Technology

Tesla driver who died in 'autopilot' crash was playing on phone, inquiry finds


A Tesla driver killed in a Silicon Valley crash was playing a video game on his smartphone at the time of his fatal crash, investigators said on Tuesday.

The National Transport and Safety Board (NTSB) investigation found that Walter Huang, a 38-year-old Apple software engineer and game developer, made no attempts to stop his vehicle as it sped towards a crash barrier before the 2018 crash.

Huang’s Tesla Model X was in “Autopilot” mode and traveling at about 70 miles per hour when it crashed into a safety barrier and was struck by two other vehicles. He died in hospital from his injuries.

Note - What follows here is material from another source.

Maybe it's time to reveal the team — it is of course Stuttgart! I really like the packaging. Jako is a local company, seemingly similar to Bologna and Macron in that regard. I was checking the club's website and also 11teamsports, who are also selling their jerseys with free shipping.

“If you own a car with partial automation, do you not own a self-driving car. So don’t pretend that you do,” said the NTSB chairman, Robert Sumwalt. “This means that when driving in the supposed self-driving mode you can’t sleep. You can’t read a book. You can’t watch a movie or TV show. You can’t text. And you can’t play video games. Yet that’s precisely what we found that this driver was doing.”

NTSB officials said the crash was very similar to other Tesla crashes it is investigating and called on car companies, government regulators, mobile phone companies and employers to do more to prevent accidents caused by distracted driving.

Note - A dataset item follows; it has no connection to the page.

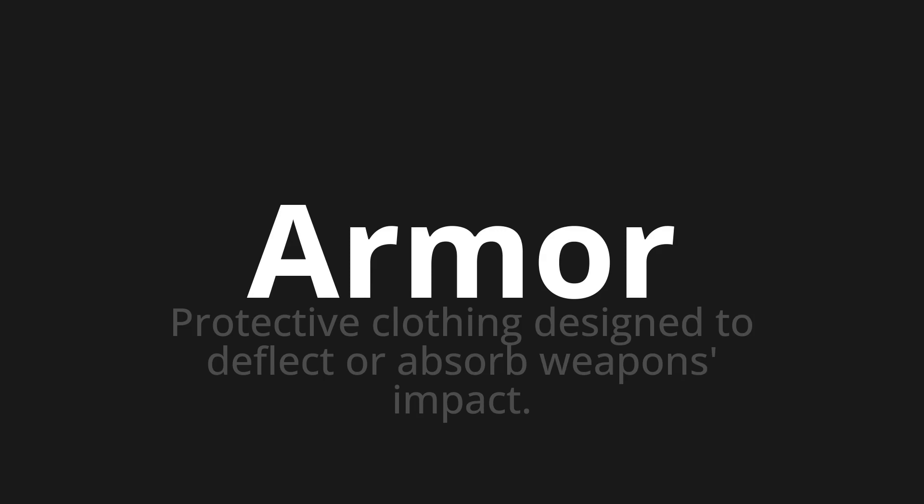Welcome to this pronunciation video. Today we will be focusing on a new word that you might find challenging or intriguing. So let's dive into today's word: Armor, which means protective clothing designed to deflect or absorb weapons' impact.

Sumwalt took aim at government regulators who he said have given “scant oversight” of the industry as it develops self-driving technologies and noted that Tesla had yet to respond to its safety recommendations which he said had been sent to the company 881 days ago “and we have heard nothing”.

The NTSB has previously criticized Tesla’s Autopilot after a 2016 fatal crash in Florida and called on the company to make its driver-assist systems more resilient to misuse by inattentive drivers.

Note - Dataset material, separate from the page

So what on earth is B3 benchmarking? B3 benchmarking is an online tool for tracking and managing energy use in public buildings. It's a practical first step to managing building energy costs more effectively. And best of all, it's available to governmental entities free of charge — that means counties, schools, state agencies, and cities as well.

At the Washington hearing NTSB experts discussed “automation complacency” an issue when drivers placed too much trust in technology. Robert Molloy, director of the NTSB’s office of highway safety, said: “This is not a unique problem to Tesla, this is a problem related to automation and how people work with automation.”

Tesla has claimed its internal data shows that drivers using Autopilot crash less frequently while using the technology than while driving manually.